=== RECORDS FOR THE EXERCISE ===

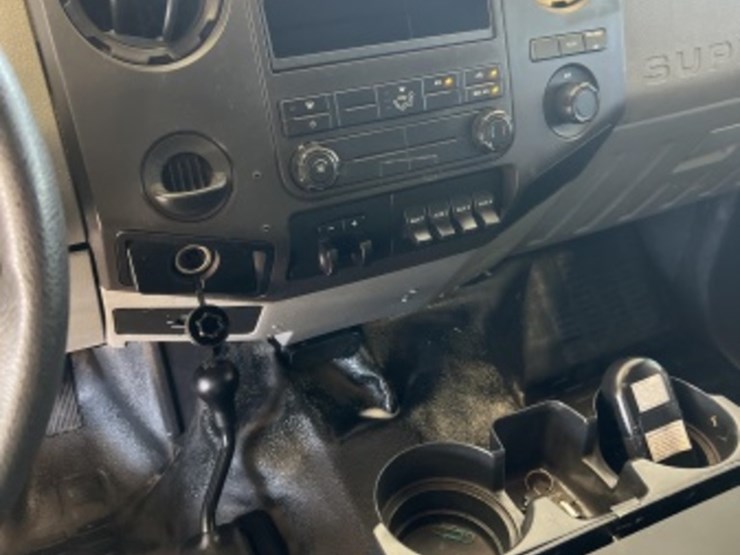 2013-ford-f550-image-22
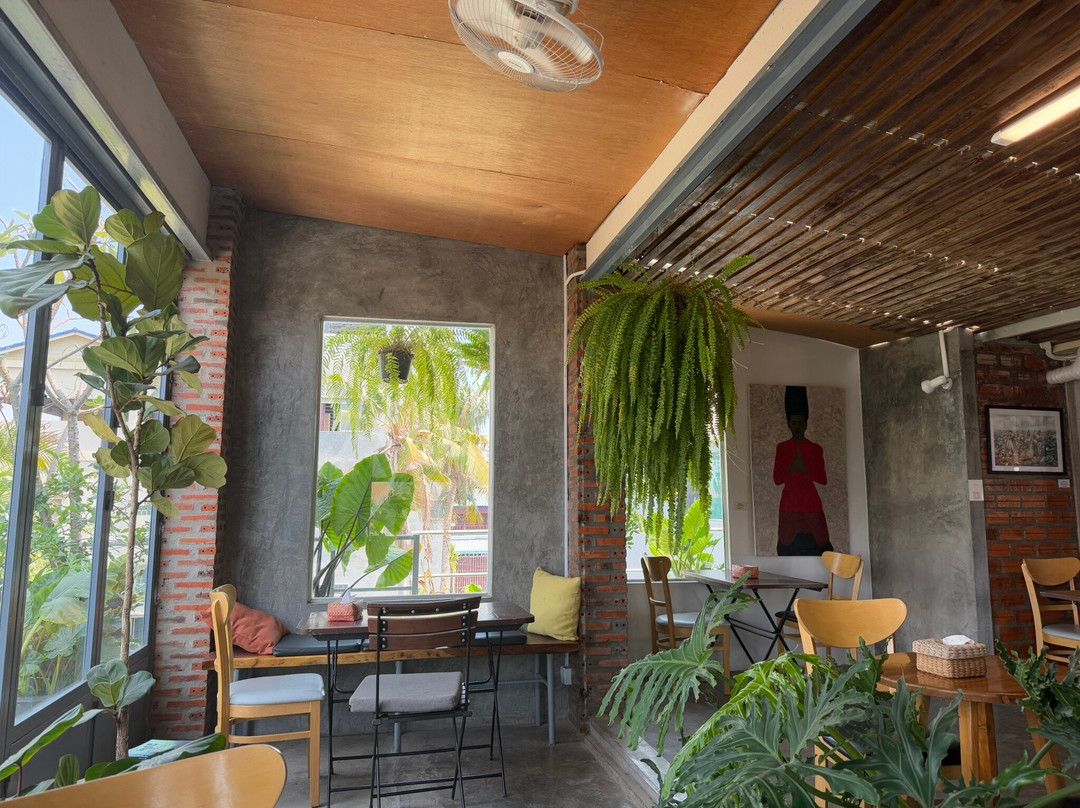 Romcheik 5 Art Space & Café-马德望必去景点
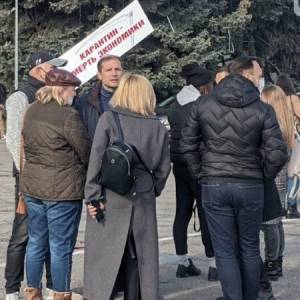 Карантин – смерть экономики: одесские рестораторы вышли на акцию протеста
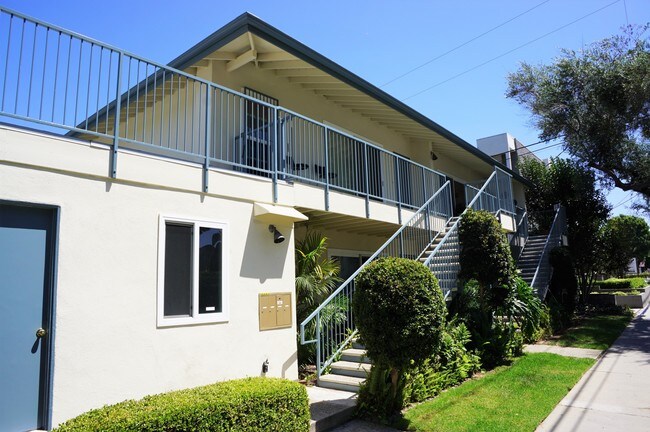 Building Photo - 3560 Emerald St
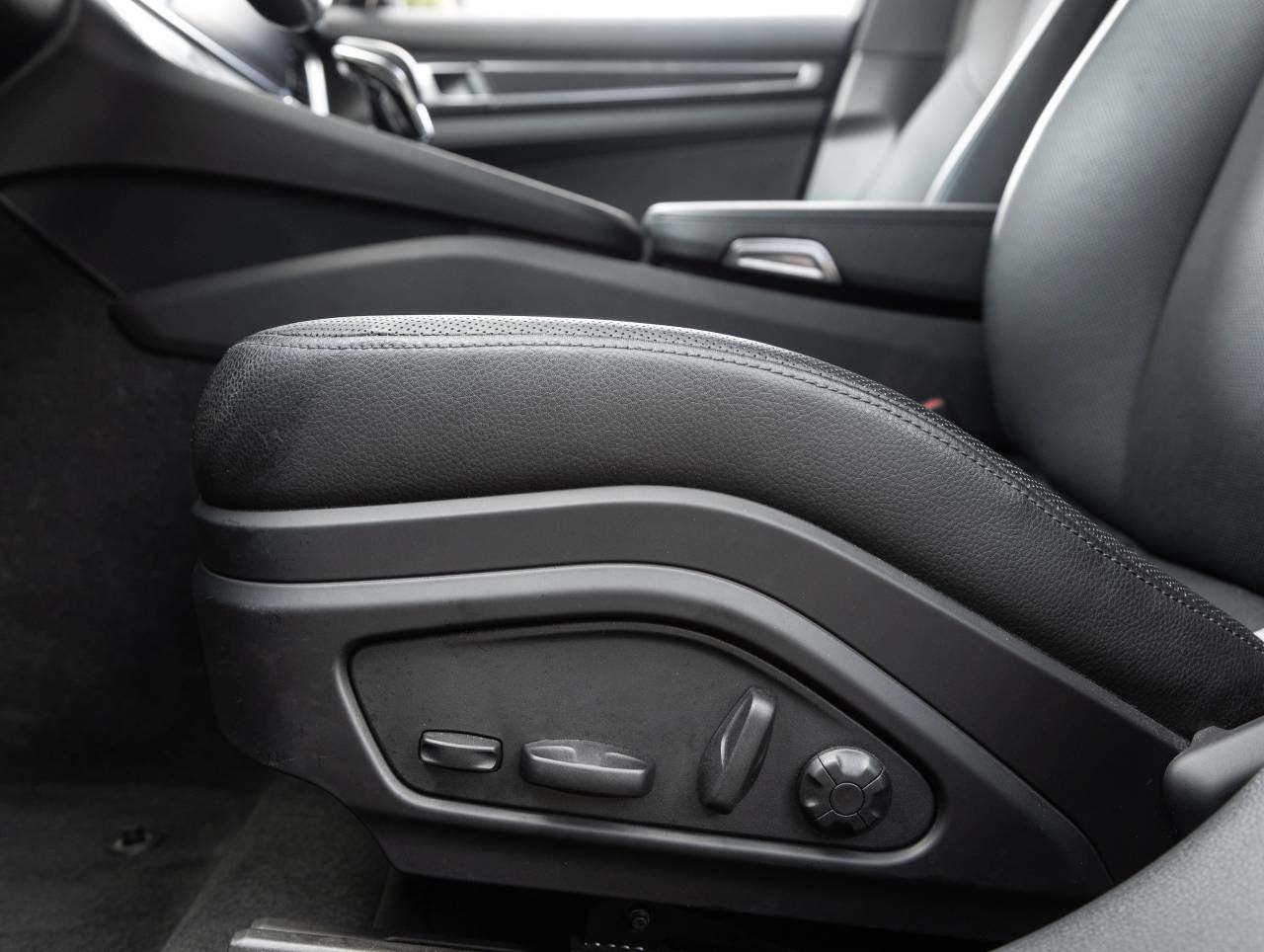 2023 Porsche Panamera Panamera 4 Platinum Edition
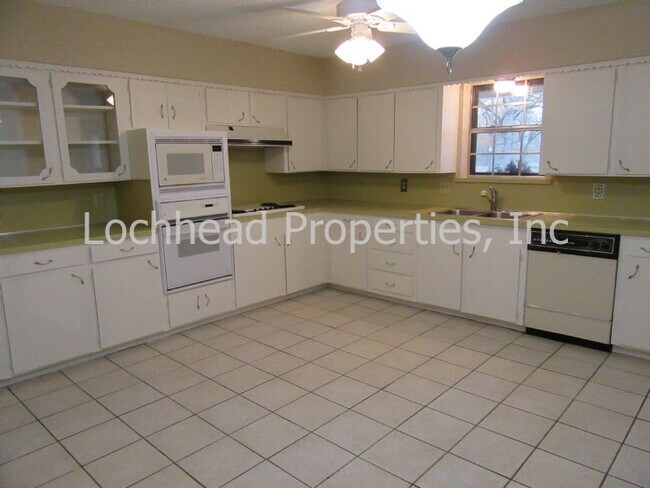 Building Photo - Beautiful home in Terrell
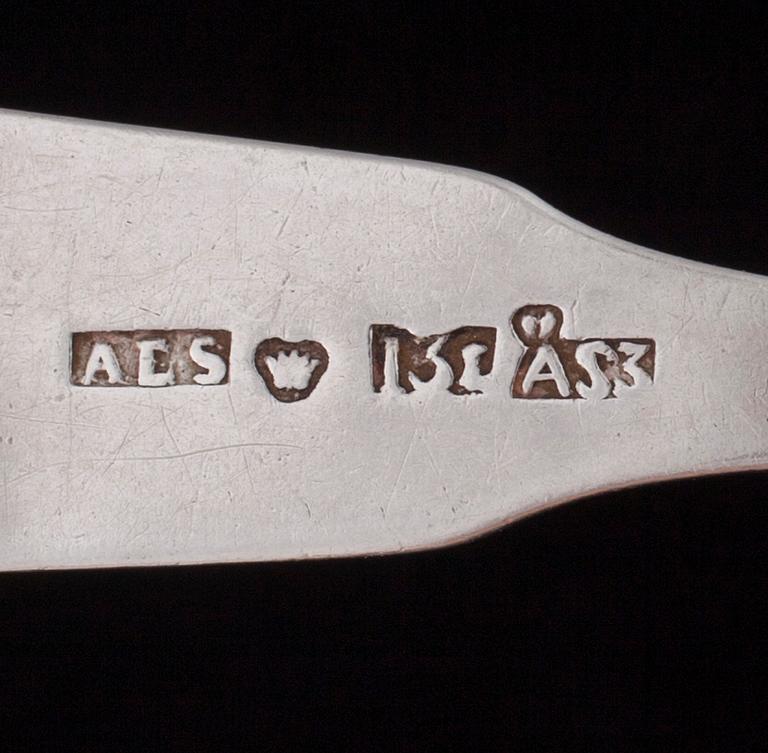 BESTICK, 35 delar, silver och nysilver, engelska, finska, ryska stämplar, 1845-1900-talets mitt. Total silvervikt 465 g.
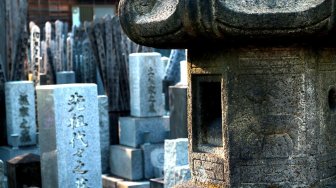 Fenomena Batu Melayang di Atas Pemakaman Ini Gegerkan Warga Jepang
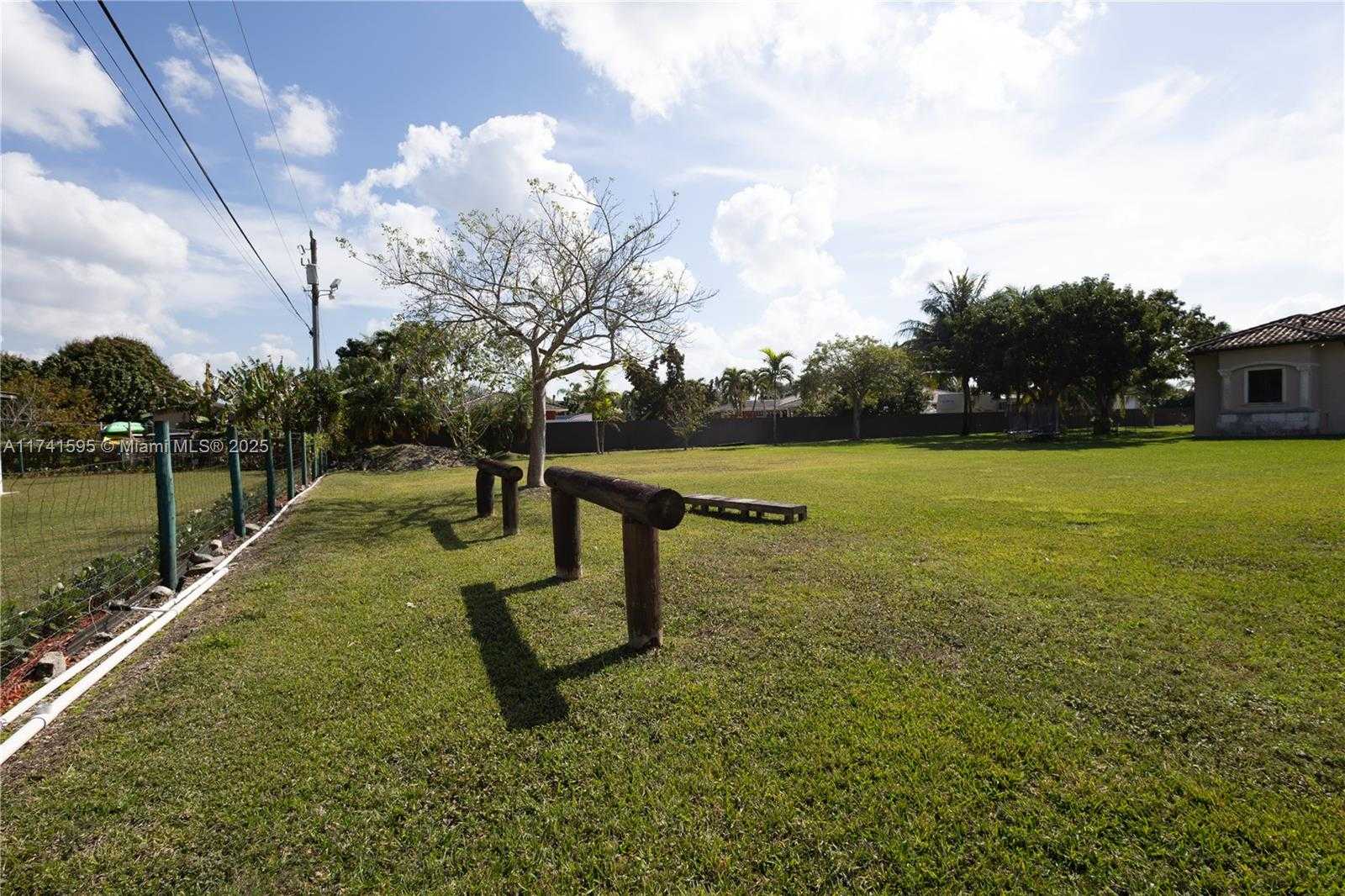 Small Image of 20875 SOUTH WEST 236TH ST, Homestead Number 34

===

TO DO:
Exact text is required for the lines from the one with "Building Photo - Beautiful home in Terrell" through the last line of the entries, both included. Omit pictures.

RESPONSE TO THE EXERCISE:
 Building Photo - Beautiful home in Terrell
 BESTICK, 35 delar, silver och nysilver, engelska, finska, ryska stämplar, 1845-1900-talets mitt. Total silvervikt 465 g.
 Fenomena Batu Melayang di Atas Pemakaman Ini Gegerkan Warga Jepang
 Small Image of 20875 SOUTH WEST 236TH ST, Homestead Number 34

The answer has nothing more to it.